MD: What do you think of the local microbrews?
BR: Haven't really tried any.

MD: Why not?
BR: Well, I know all these people who go out of their way to pay six dollars for a glass of beer. It'd be terrible to get into the habit where you felt you required that level of discrimination to get a little buzz going.

MD: Wisdom! During the average day, how much do you drink?
BR: In the evening I'll drink some beers and martinis, I don't know how much.

MD: Three or four?
BR: Oh, more than that.

MD: Ever find yourself going through periods where you drink an excessive amount-and you know it's an excessive amount-but you continue anyway?
BR: You know, it never seems excessive to me. It never seems to affect what I'm doing, though every once in a while when I'm drinking hard liquor too many days in a row, there's a certain point where I have to lay off for a while. It goes back and forth. I just had this girlfriend who hated it when I drank, so I've been drinking pretty constantly since she left.
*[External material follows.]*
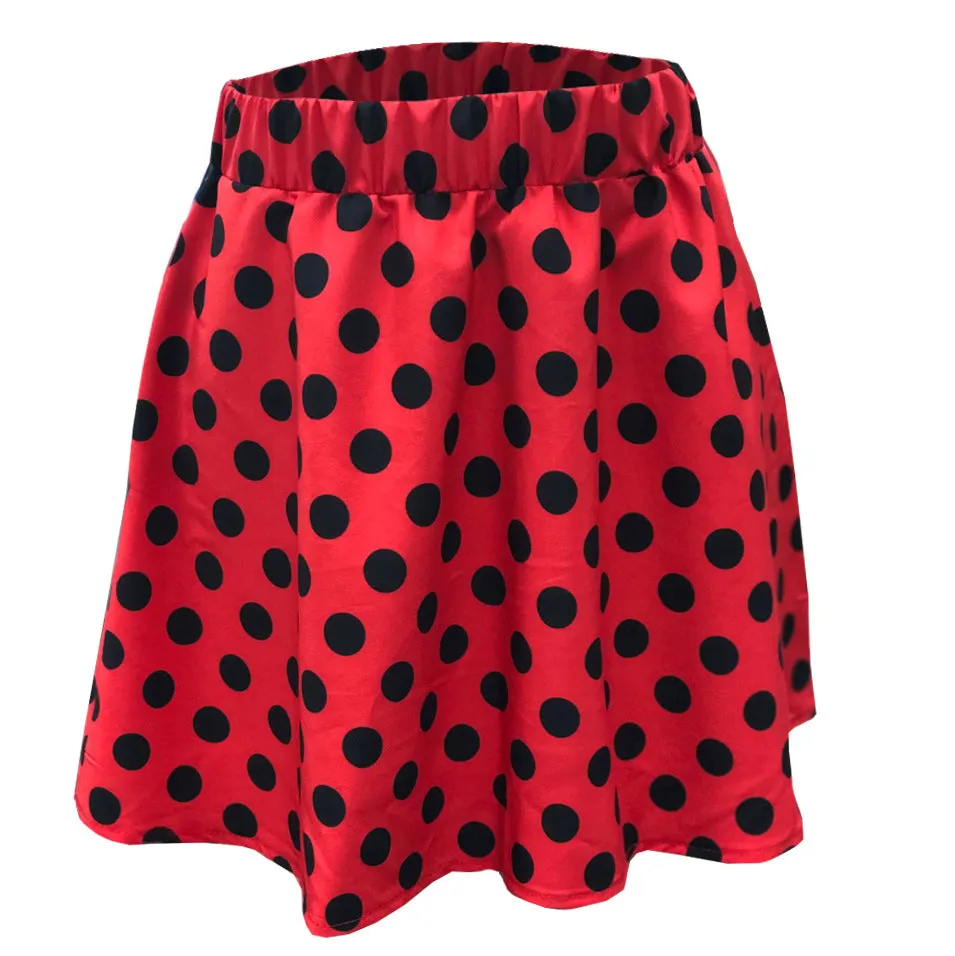 Europe Summer Popular Poker Dot Mini Flare Skirt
MD: Naturally. What sort of music do you prefer to drink to?
BR: Well, I have a lot of Jackie Gleason records. He did one called The Lover's Portfolio: Music For Sippin', Dancin' and Romancin'. It comes in a little briefcase and has this booklet that describes how to mix the cocktails you're supposed to drink as you listen to each song-it's the perfect recipe for an evening of romance and seduction. The music creates the mood and the two people get drunk and if they're still standing by the end of the second record, presumably something will happen.

MD: Jackie Gleason, swinger.
BR: He was a total swinger. In fact, he designed the futuristic house he lived in, it was round and its entire center was a bar, so no matter what room he was in, he was only a few steps from a cocktail.

MD: Genius! Another great alcoholic's contribution to society.
BR: That's right.

MD: Tell me this-what makes a good bar great?
BR: It has to be dark. It should have mirror tiles. An entire wall should be mirror tiles. Black velvet paintings are important.

MD: And booths.
BR: With latticework enclosures. Now that's a great bar.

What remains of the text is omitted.